**Task brief**
Without including the pictures, copy each line below exactly as it reads.

**Supplied material**
==*==
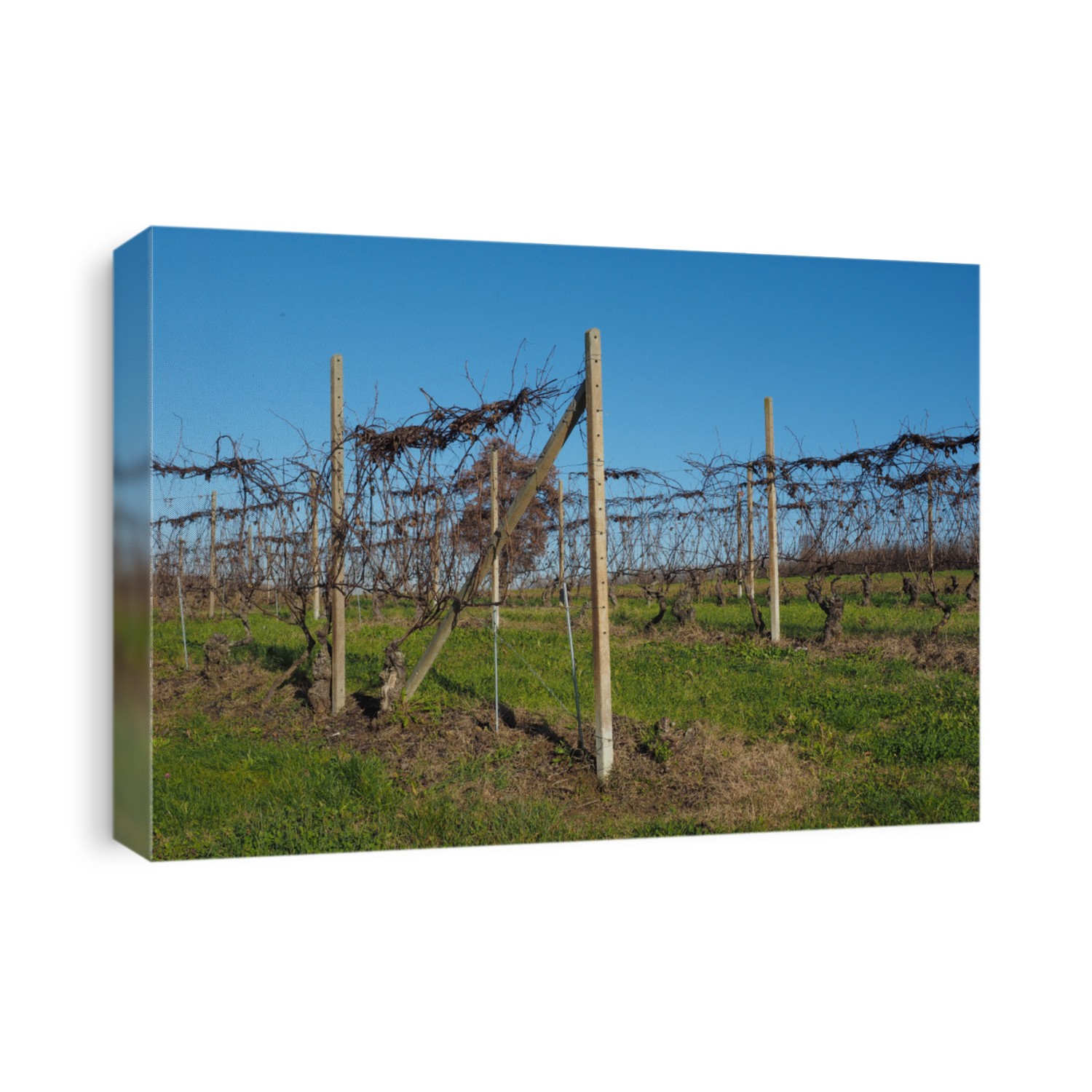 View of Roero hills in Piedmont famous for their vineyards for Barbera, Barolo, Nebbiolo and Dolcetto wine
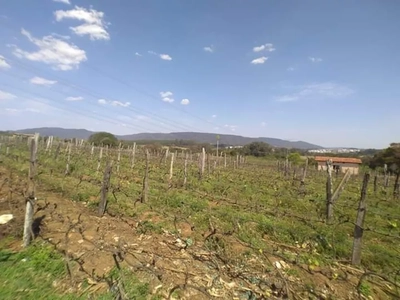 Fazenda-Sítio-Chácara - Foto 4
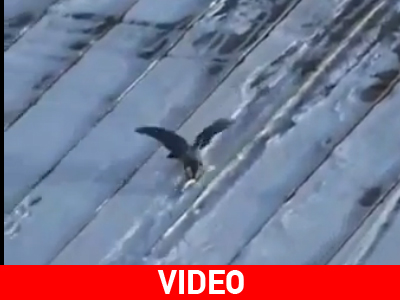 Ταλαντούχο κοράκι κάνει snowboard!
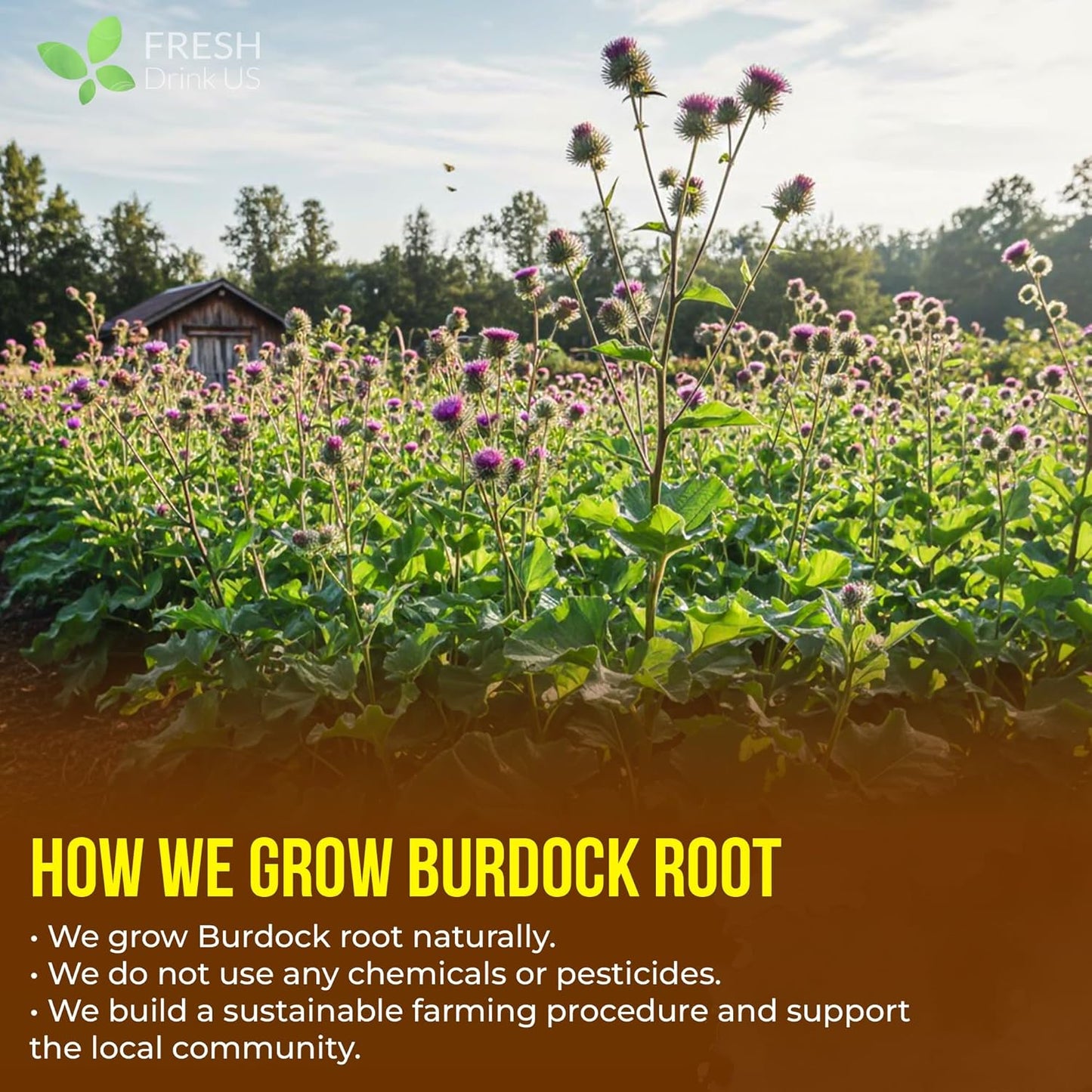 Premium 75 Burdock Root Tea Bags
==*==
**Response area**
 View of Roero hills in Piedmont famous for their vineyards for Barbera, Barolo, Nebbiolo and Dolcetto wine
 Fazenda-Sítio-Chácara - Foto 4
 Ταλαντούχο κοράκι κάνει snowboard!
 Premium 75 Burdock Root Tea Bags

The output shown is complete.